What's your valentine's pleasure? Long-stemmed red roses from the florist? Camellia blossoms or branches of sweetly scented Chinese witch hazel (Hamamelis mollis) from your garden? Or your own mix-and-match arrangement of flowers purchased at the local grocery store?
Any bouquet can bring a smile to your valentine's face. And if you arrange the flowers yourself (a less expensive proposition than a florist's creation), you'll have a guaranteed heart-warmer.
Here are tips to make your bouquet a standout.
• Match the flower colors to the vase. For the arrangement pictured above, we chose a square vase of red glass, then bought flowers to match. Red tulips echo the color of the vase; pink tulips and white Queen Anne's lace fill in around them. Pink Oriental lilies splashed with red add punch, and variegated 'Needlepoint' ivy softens vase edges.

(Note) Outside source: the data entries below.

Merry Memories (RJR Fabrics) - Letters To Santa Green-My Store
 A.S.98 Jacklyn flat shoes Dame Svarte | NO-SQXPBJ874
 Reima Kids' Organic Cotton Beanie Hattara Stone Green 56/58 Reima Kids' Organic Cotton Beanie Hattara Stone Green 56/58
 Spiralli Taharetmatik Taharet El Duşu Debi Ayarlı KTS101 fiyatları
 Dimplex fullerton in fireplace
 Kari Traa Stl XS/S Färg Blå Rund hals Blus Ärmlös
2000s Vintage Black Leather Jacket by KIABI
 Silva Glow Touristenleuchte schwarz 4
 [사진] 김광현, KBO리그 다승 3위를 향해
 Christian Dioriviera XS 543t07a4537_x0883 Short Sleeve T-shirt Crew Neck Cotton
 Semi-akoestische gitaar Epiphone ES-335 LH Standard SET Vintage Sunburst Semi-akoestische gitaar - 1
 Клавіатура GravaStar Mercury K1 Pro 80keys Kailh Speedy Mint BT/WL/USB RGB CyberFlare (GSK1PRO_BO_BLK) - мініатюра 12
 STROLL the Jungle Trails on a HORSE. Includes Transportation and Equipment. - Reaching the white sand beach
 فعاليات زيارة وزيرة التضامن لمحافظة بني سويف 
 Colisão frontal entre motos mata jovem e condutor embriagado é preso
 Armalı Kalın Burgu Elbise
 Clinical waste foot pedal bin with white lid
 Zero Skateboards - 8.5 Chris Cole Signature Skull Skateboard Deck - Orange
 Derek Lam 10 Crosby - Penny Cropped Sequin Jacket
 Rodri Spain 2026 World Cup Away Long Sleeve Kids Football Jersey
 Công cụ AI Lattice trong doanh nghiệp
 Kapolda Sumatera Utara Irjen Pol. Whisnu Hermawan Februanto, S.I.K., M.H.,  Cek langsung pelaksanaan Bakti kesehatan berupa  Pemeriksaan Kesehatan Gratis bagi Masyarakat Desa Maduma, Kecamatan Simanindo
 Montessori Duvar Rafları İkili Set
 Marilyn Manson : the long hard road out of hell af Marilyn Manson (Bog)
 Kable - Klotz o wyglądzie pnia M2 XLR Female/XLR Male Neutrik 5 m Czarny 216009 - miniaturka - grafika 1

• Mix flower sizes and shapes. Buy or cut the bulk of your flowers in smaller sizes for the support cast, and use as few as three or four stems of larger flowers (such as Oriental lilies) as the stars.
• To prolong the lives of the flowers, plunge their stem ends into a bowl of hot water, keeping them submerged as you cut off the stem ends with pruning shears (make diagonal cuts).
• Arrange the ivy fringe first, then the supporting cast of flowers, and finally the stars.